Introduction to Keras Preprocessing
Keras Preprocessing is a comprehensive toolkit provided by Keras to facilitate data preprocessing for deep learning models. It comes with numerous APIs that help in preparing text and image data, ensuring that your models receive the cleanest and most relevant data possible.
Image Data Augmentation
This section covers how to use Keras Preprocessing for image data augmentation, which can help improve the performance of your computer vision models.
from keras.preprocessing.image import ImageDataGenerator
# Create an instance of ImageDataGenerator
datagen = ImageDataGenerator(
rotation_range=40,
width_shift_range=0.2,
height_shift_range=0.2,
shear_range=0.2,
zoom_range=0.2,
horizontal_flip=True,
fill_mode='nearest'
)
# Example: Loading an image and applying data augmentation
from keras.preprocessing.image import img_to_array, load_img
img = load_img('path_to_image.jpg') # Load image
x = img_to_array(img) # Convert to NumPy array
x = x.reshape((1,) + x.shape) # Reshape
# Generate batches of augmented images
for batch in datagen.flow(x, batch_size=1):
# Do something with the batch (e.g., display or save it)
break
Text Data Tokenization
Keras Preprocessing also offers tools for text data tokenization. Tokenization is a critical step in preparing text data for neural network models.

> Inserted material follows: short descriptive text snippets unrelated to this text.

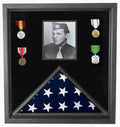 Flag Connections Military Photo Flag and Medal Display Case, Black Frame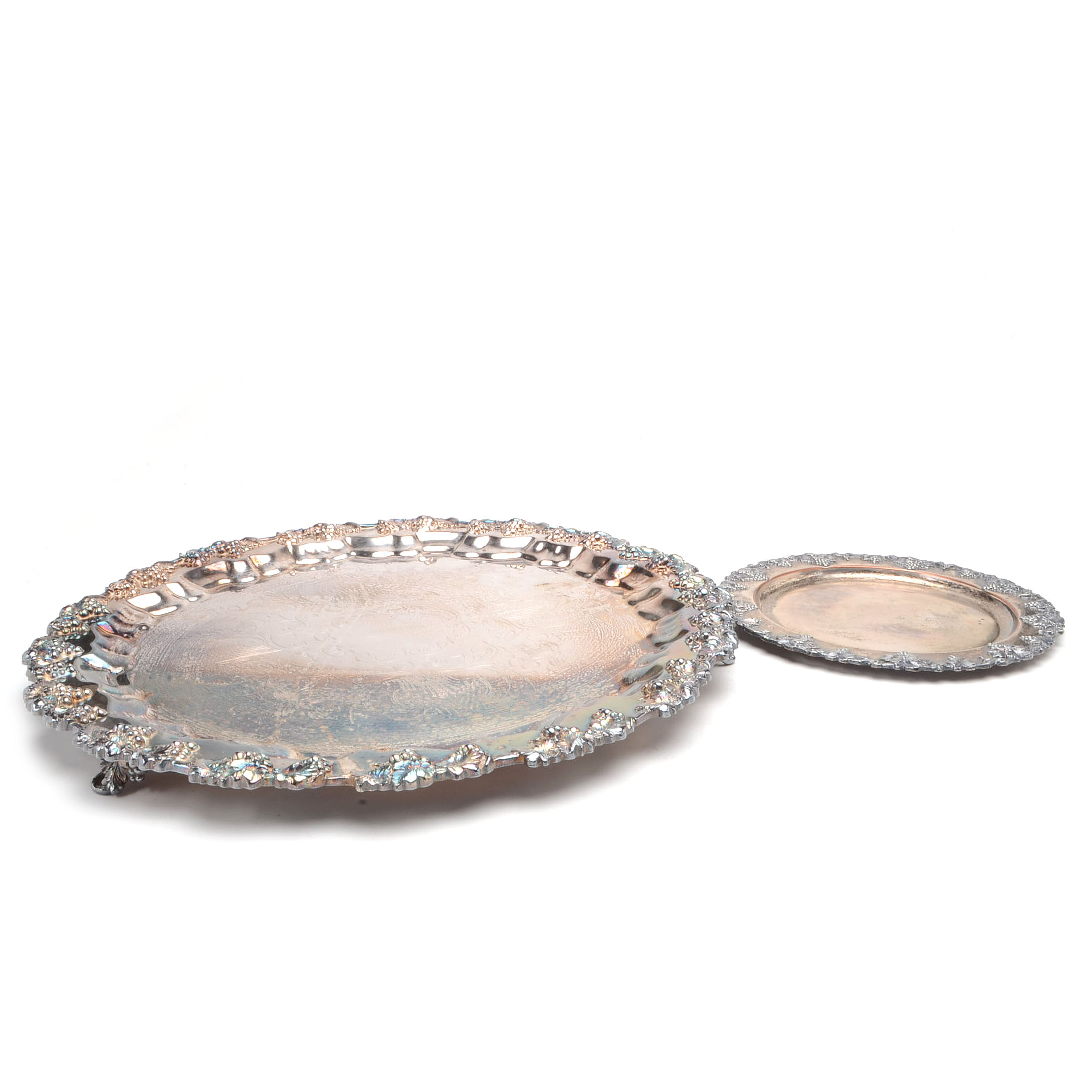 Vintage Silver Plated Serving Trays Including Sheffield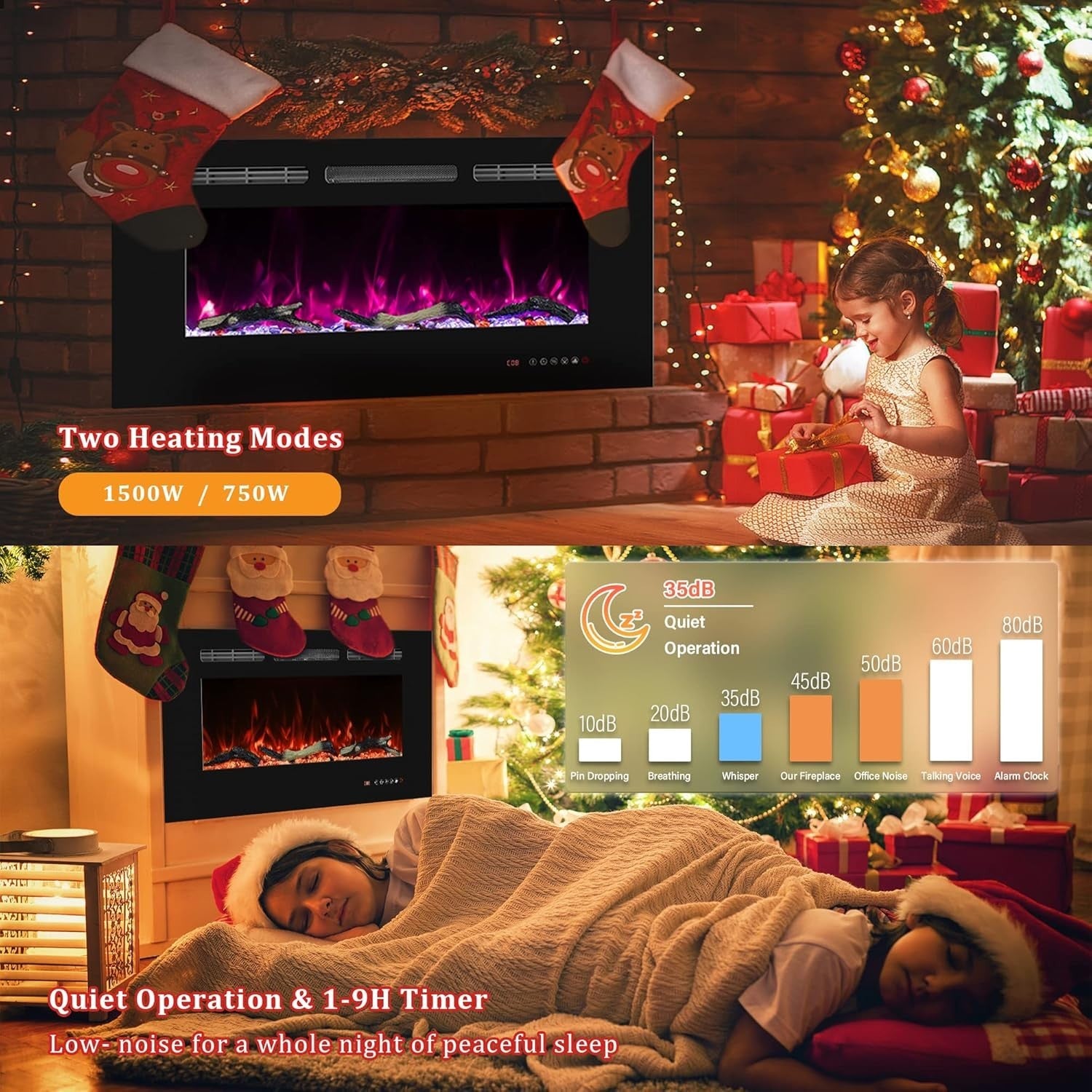 Wall Mounted Electric Fireplace Heater 42" LED Flame Remote Timer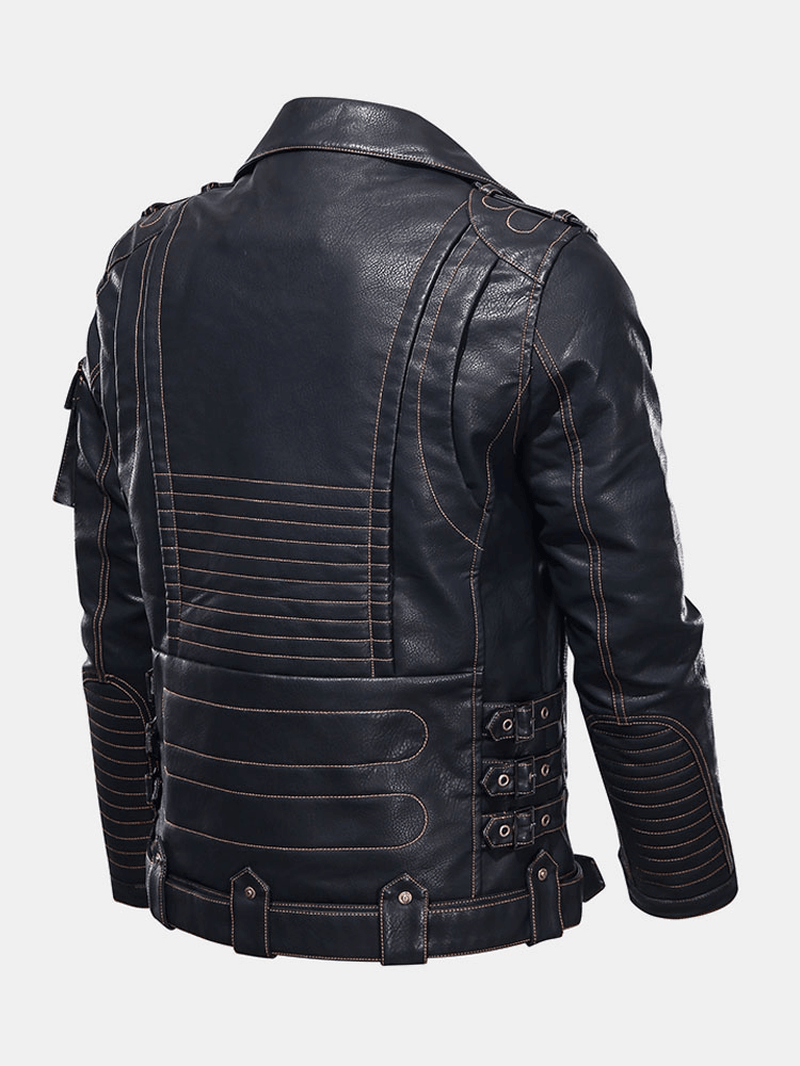 Mens Zip-Up Multi Pocket PU Leather Motorcycle Jacket - MRSLM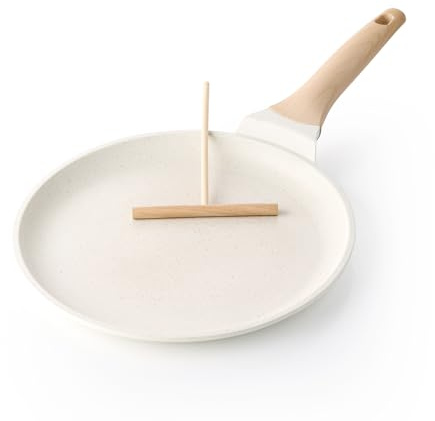 Kordisen Sartén antiadherente para crepes de 26 cm con esparcidor, sartén plana para tortitas con revestimiento saludable para estufa, compatible con inducción, sin PFOA (blanco)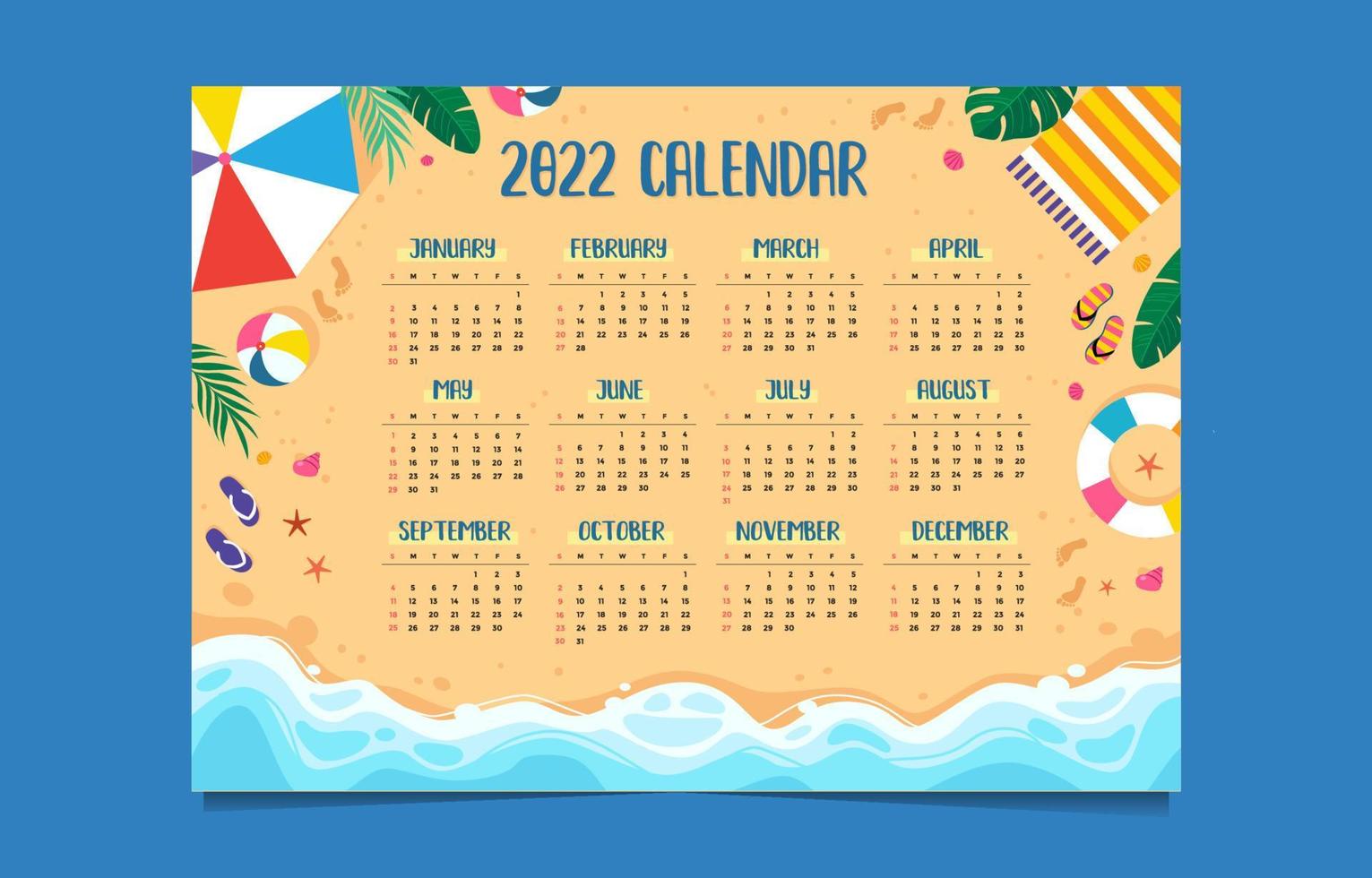 2022 Calendar Template vector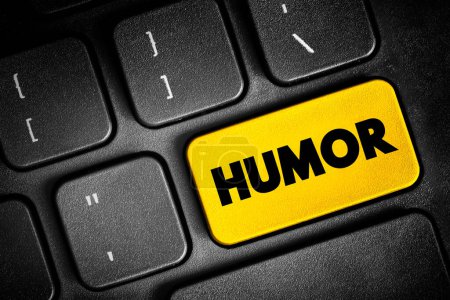 Photo for Humour - the quality of being amusing or comic, especially as expressed in literature or speech, text button on keyboard, concept background - Royalty Free Image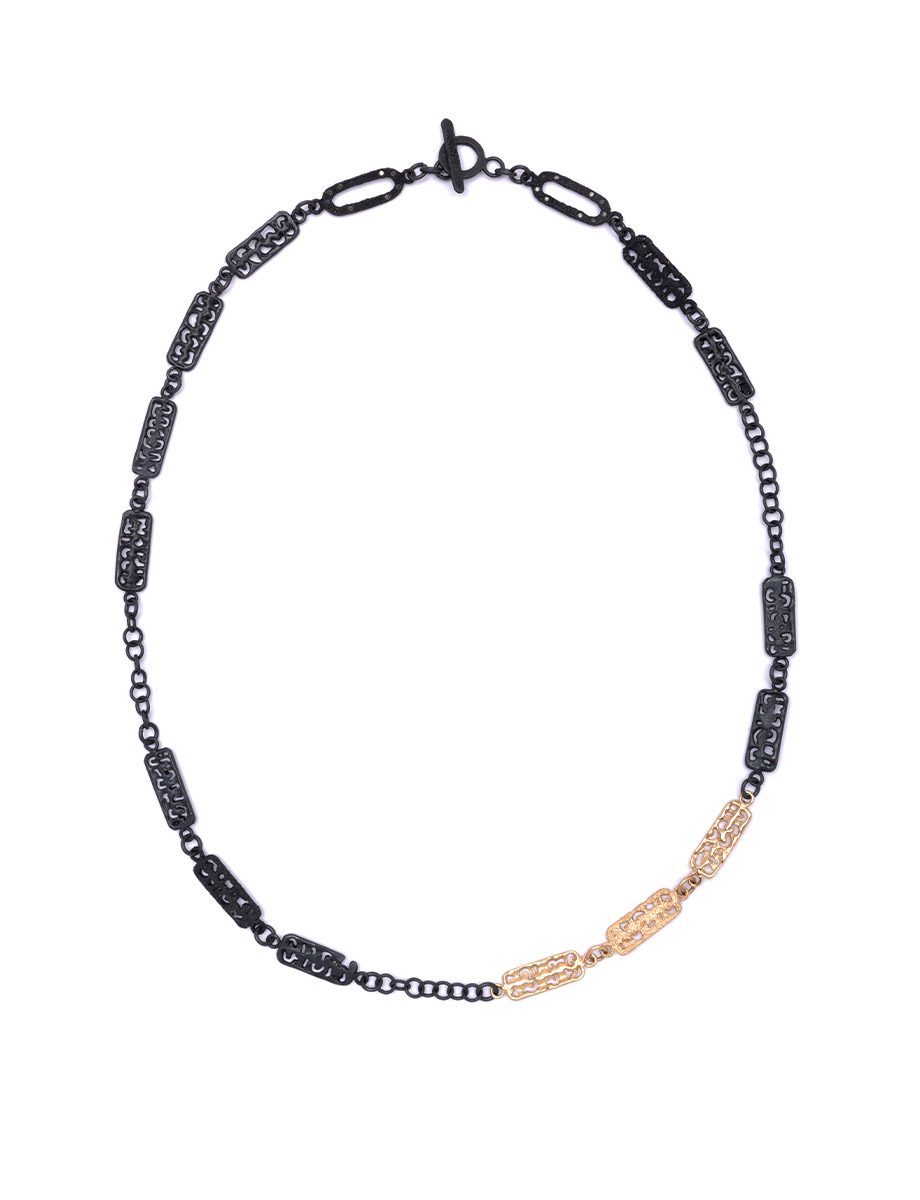 A Thousand Lights Necklace IV – Yellow Gold & Oxidised Silver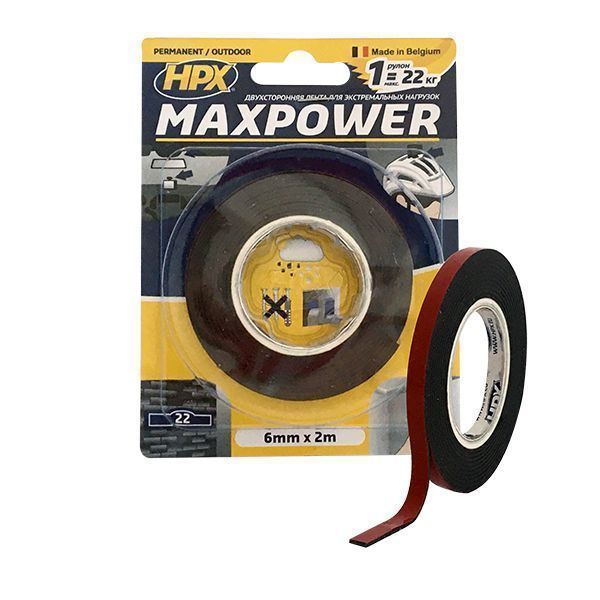 Двостороння монтажна клейка стрічка HPX MAXPOWER OUTDOOR 6x1,1 мм 2 м чорний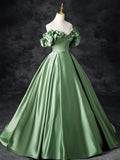 Satin Green Long Prom Dress, Green Formal Evening Dress HZ1024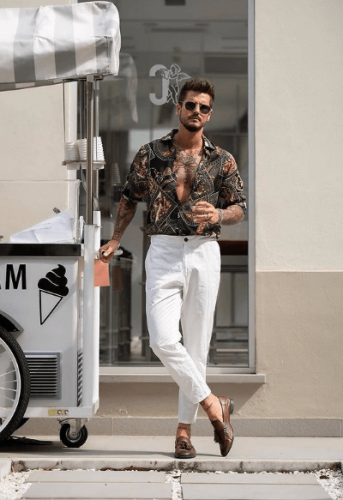 white shirt style for man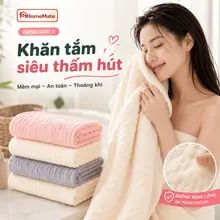 [HÀNG LOẠI 1] Khăn Tắm Siêu Thấm Hút 1m4 Sợi Microfiber Cao Cấp, Khăn Lau Người Mềm Mịn Dày Dặn Không Rụng Lông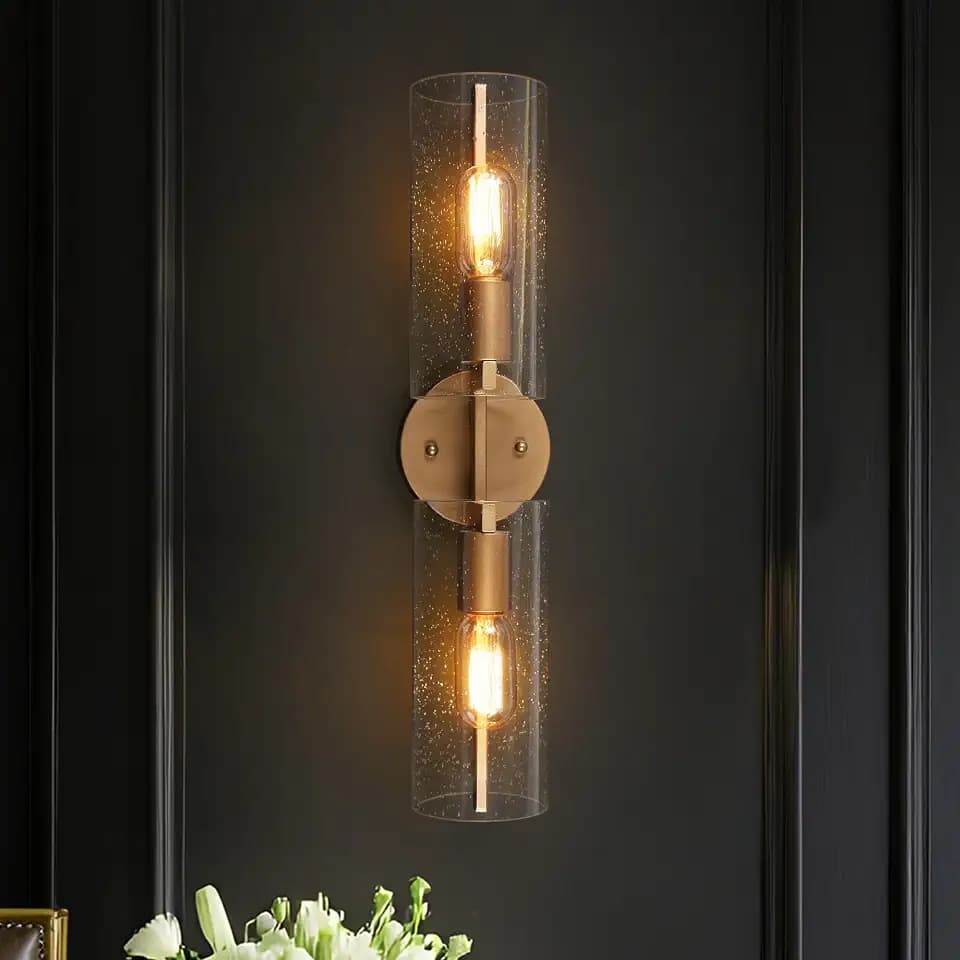 KSANA 2-Light Bathroom Vanity Light, Gold Wall Sconce with Seeded Glass Shades, Modern Wall Light Fixture, Up or Down Mounting for Bathroom, Mirror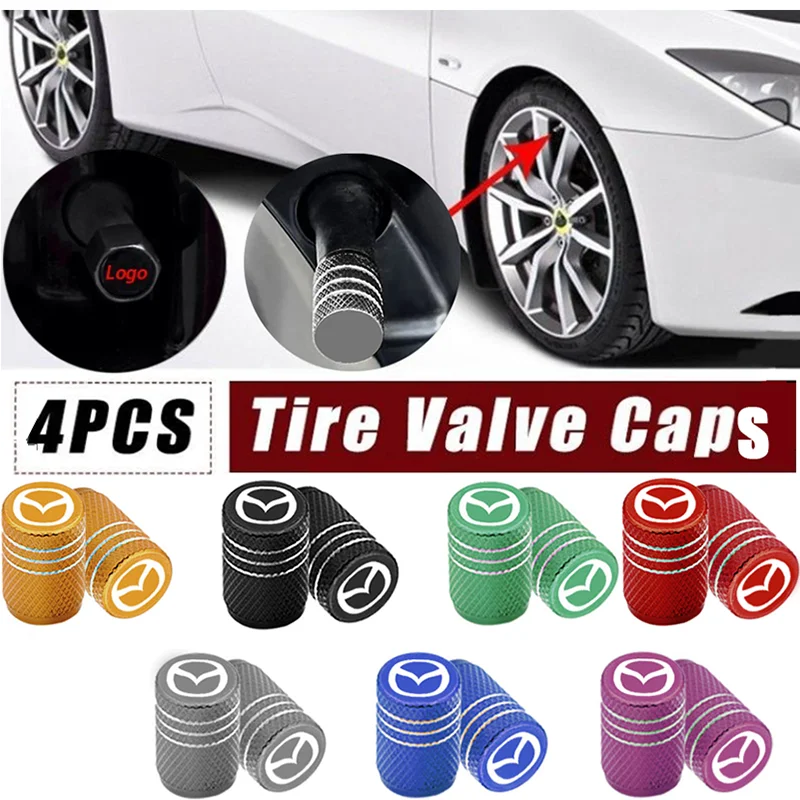 

4pcs/set Car Wheel Tire Valve Caps Auto Accessories for Mazda 3 4 5 6 7 8 323 626 CX-3 5 7 8 9 MX-5 30 RX-8 ATENZA Axela Hazumi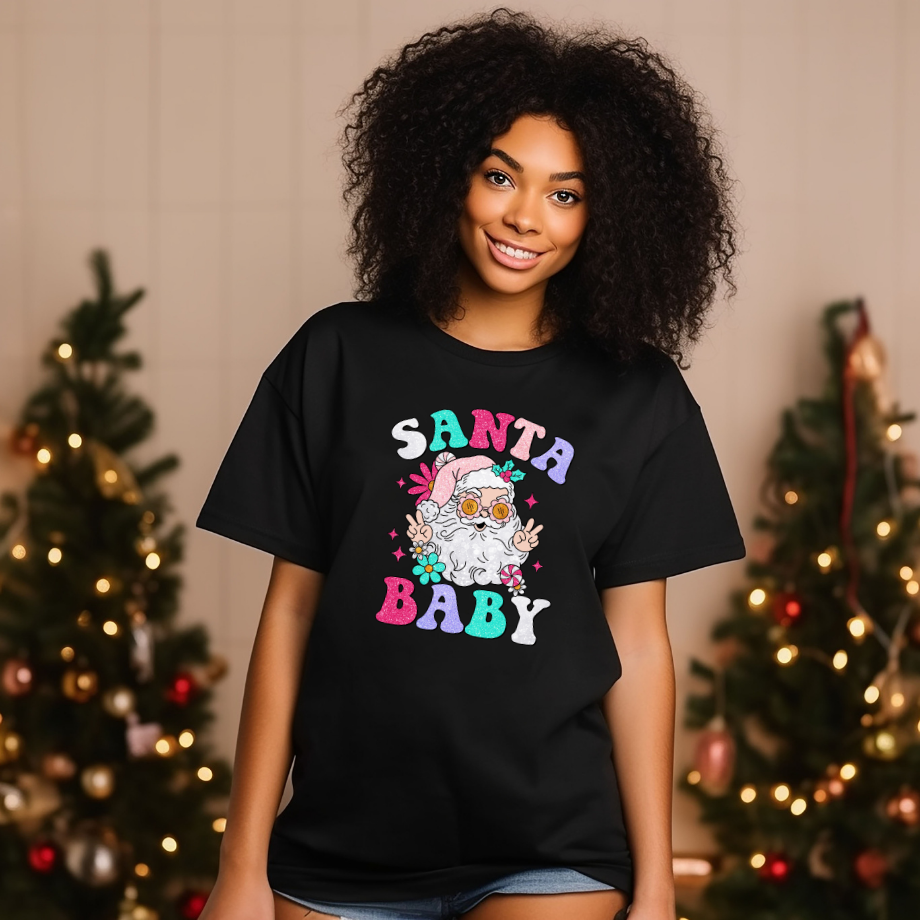 Adult Faux Glitter Santa Baby T-Shirt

from keras.preprocessing.text import Tokenizer
texts = [
'Keras is an API designed for human beings, not machines.',
'Keras follows best practices for reducing cognitive load.'
]
# Create an instance of the Tokenizer
tokenizer = Tokenizer(num_words=1000)
tokenizer.fit_on_texts(texts)
sequences = tokenizer.texts_to_sequences(texts)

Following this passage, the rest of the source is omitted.